Multi-Agent Coordination for a Partially Observable and Dynamic Robot Soccer Environment with Limited Communication
Daniele Affinita, Flavio Volpi, Valerio Spagnoli, Vincenzo Suriani, Daniele Nardi, Domenico D. Bloisi
TL;DR
Addressing coordination of fully autonomous humanoid robots in RoboCup SPL under limited communication, the paper presents a market-based distributed coordination framework with a distributed world model (DWM), distributed task assignment (DTA), and Voronoi-guided positioning. The approach combines local world modeling, context-driven task selection, and auction-like utilities to assign tasks without broad network exchange, using predictive models (Gaussian Mixture Model for obstacles, Kalman filter for the ball) to bridge data gaps. Experiments in real RoboCup matches and in SimRobot show reduced role overlaps and improved adaptability in low-rate communication environments.

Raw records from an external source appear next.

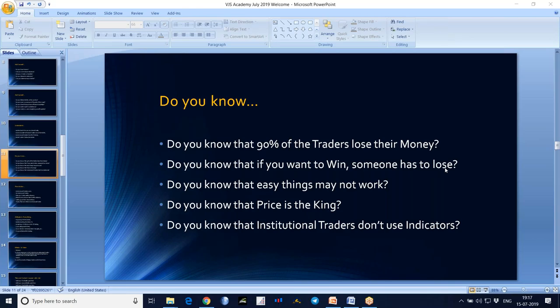If you want to win, someone has to lose. So when you want to win, you need to act smarter than the loser. Otherwise we will also be in the group of losers. So always we need to think differently than the loser. Market is not easy — we need to work hard to crack it.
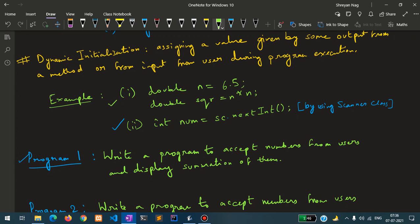sc is an object of the Scanner class. We are utilizing the object sc followed by the dot operator to get inside the Scanner class and use the nextInt function. The nextInt function allows us to accept integer-related values — all integer-compatible inputs can be accepted. sc.nextInt will first execute, ask the user from the console to enter some value, and after entering a value during program runtime, the num variable gets initialized as that value is stored inside num.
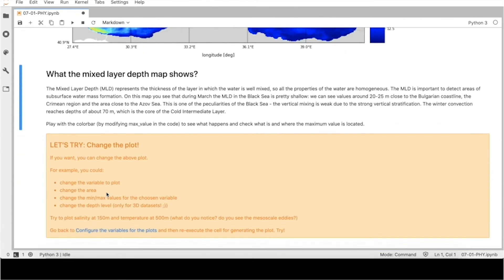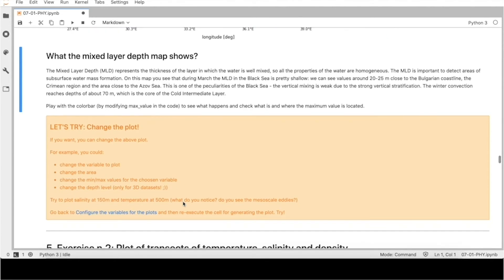Now you can try to change the plot. For example, you can try to change the variable to plot, the area of interest, and the minimum and maximum values for the chosen variable. If you decide to plot a 3D dataset, you can also change the depth level.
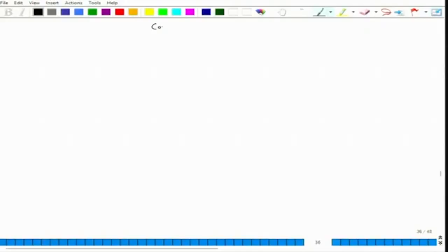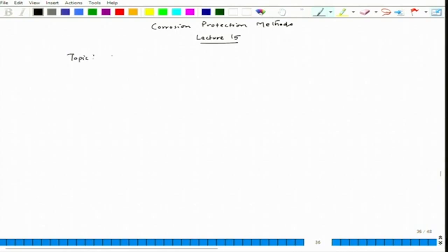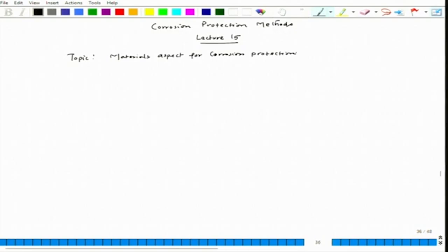Let's start lecture 15 for this course on corrosion protection methods. The topic for this particular lecture is the materials aspect for corrosion protection. Following the last two lectures, we have been talking about the effect of composition, effect of microstructure, and processing and their influence on surface films.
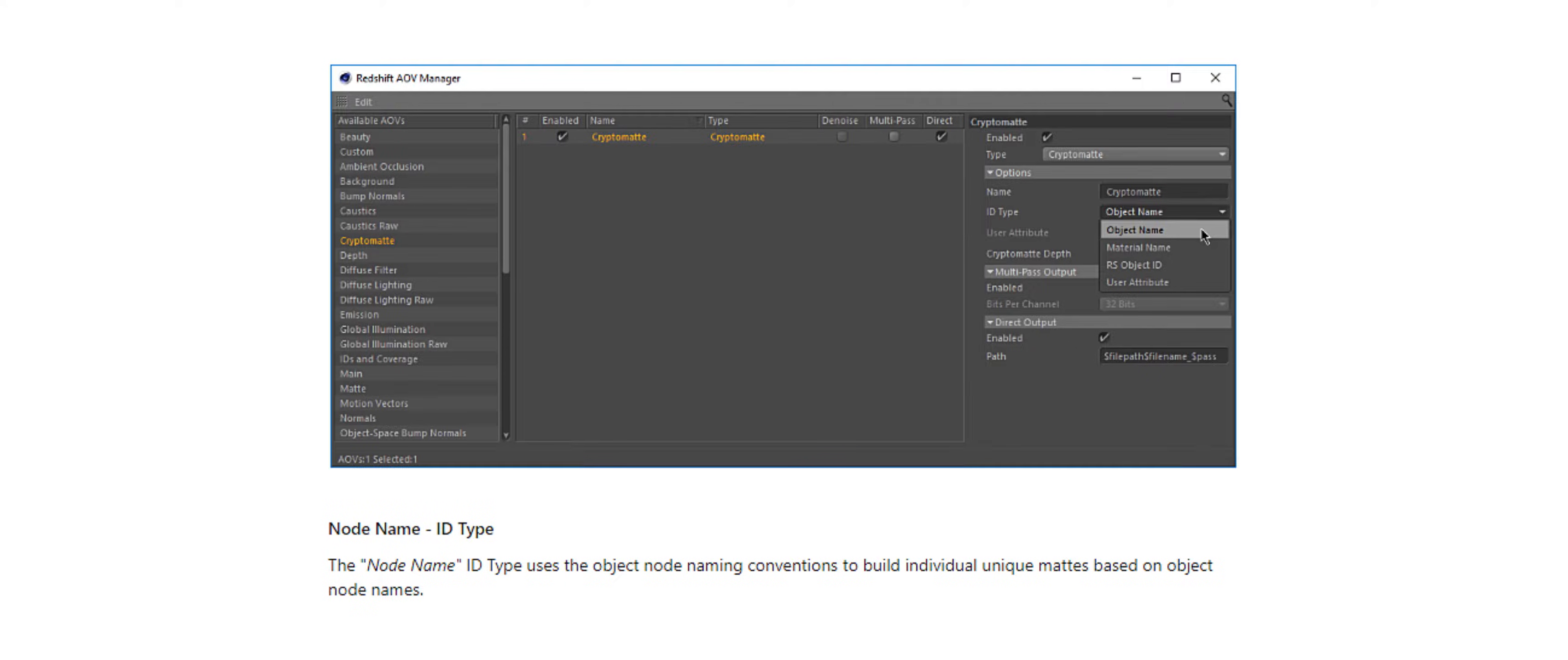The Object Name ID type uses the object naming conventions to build individual unique mats based on object names.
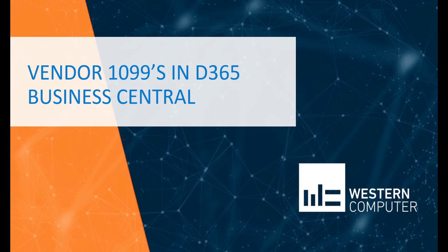Hello, my name is Carlo Bergamini, Dynamics 365 Business Central and Dynamics NAV Project Manager and Senior Consultant here at Western Computer. In this video, I'm going to talk about vendor 1099s.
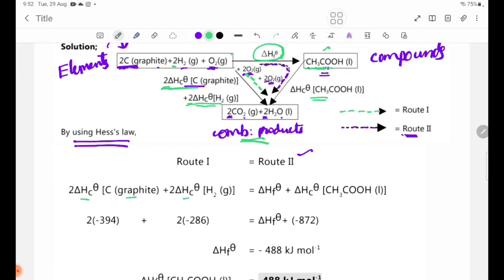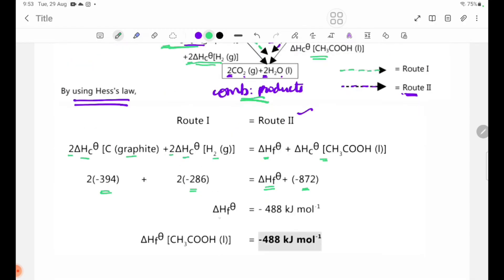Substituting values: delta H°f + delta H°c(CH₃COOH) = 2 × (−394) + 2 × delta H°c(H₂). Delta H°c(C graphite) = −394 kJ/mol. Solving gives delta H°f = −488 kJ/mol. Therefore, the standard enthalpy change of formation of CH₃COOH is −488 kJ/mol.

This work advances robust multi-agent coordination toward RoboCup's 2050 goals by enabling decentralized, anticipatory decision-making under partial observability.
Abstract
RoboCup represents an International testbed for advancing research in AI and robotics, focusing on a definite goal: developing a robot team that can win against the human world soccer champion team by the year 2050. To achieve this goal, autonomous humanoid robots' coordination is crucial. This paper explores novel solutions within the RoboCup Standard Platform League (SPL), where a reduction in WiFi communication is imperative, leading to the development of new coordination paradigms. The SPL has experienced a substantial decrease in network packet rate, compelling the need for advanced coordination architectures to maintain optimal team functionality in dynamic environments. Inspired by market-based task assignment, we introduce a novel distributed coordination system to orchestrate autonomous robots' actions efficiently in low communication scenarios. This approach has been tested with NAO robots during official RoboCup competitions and in the SimRobot simulator, demonstrating a notable reduction in task overlaps in limited communication settings.